Gordon J. Reykdal, CEO of Cash Store Financial is taking home nearly $2.3 million in pay and bonuses this year thanks to record profits in the payday loan industry. His son, Barret J. Reykdal, who serves as president of the company, earned $720,761. The information is contained in a management information circular released this week.
As of September 1st, the publicly traded company had 22 payday outlets in Nova Scotia, more than half the provincial total. It operates under the names The Cash Store and Instaloans and charges $31 per $100 on its short-term loans, the maximum allowed under Nova Scotia regulations. A recent Coast cover story reported that people who borrow $300 at that rate would have to repay $393 out of their next paycheque.
Cash Store Financial released figures last month showing the Alberta-based company took in record quarterly revenues of nearly $50 million in the three months ending September 30th — up almost 20 percent over the year before. The company’s net income in the same period was up 37.5 percent to $7.7 million from $5.6 million the year before. The figures also showed that the company opened 120 new outlets in just over a year for a Canada-wide total of 544.
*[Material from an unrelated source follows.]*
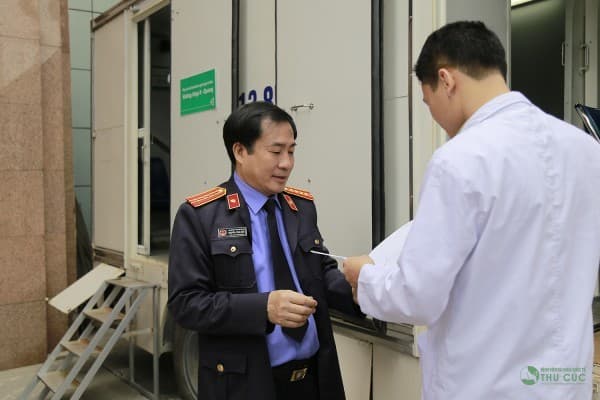 Bác sĩ tận tình giải thích những thắc mắc của người bệnh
Last month during public hearings on the payday loan industry, Gordon Reykdal urged the Nova Scotia Utility and Review Board not to lower the $31 per $100 maximum rate — the highest in the country. Consumer advocate David Roberts argued that Nova Scotia should adopt the Ontario rate of $21 per $100. So far, the UARB has not released its decision. Money Mart, The Cash Store’s main competitor, charges $19.50 per $100.
A rate of $31 works out to more than 800 percent in annual interest and fees compared to an annual rate of around 36 percent on credit card advances, 21 percent for bank account overdraft protection or 10 percent on a bank line of credit.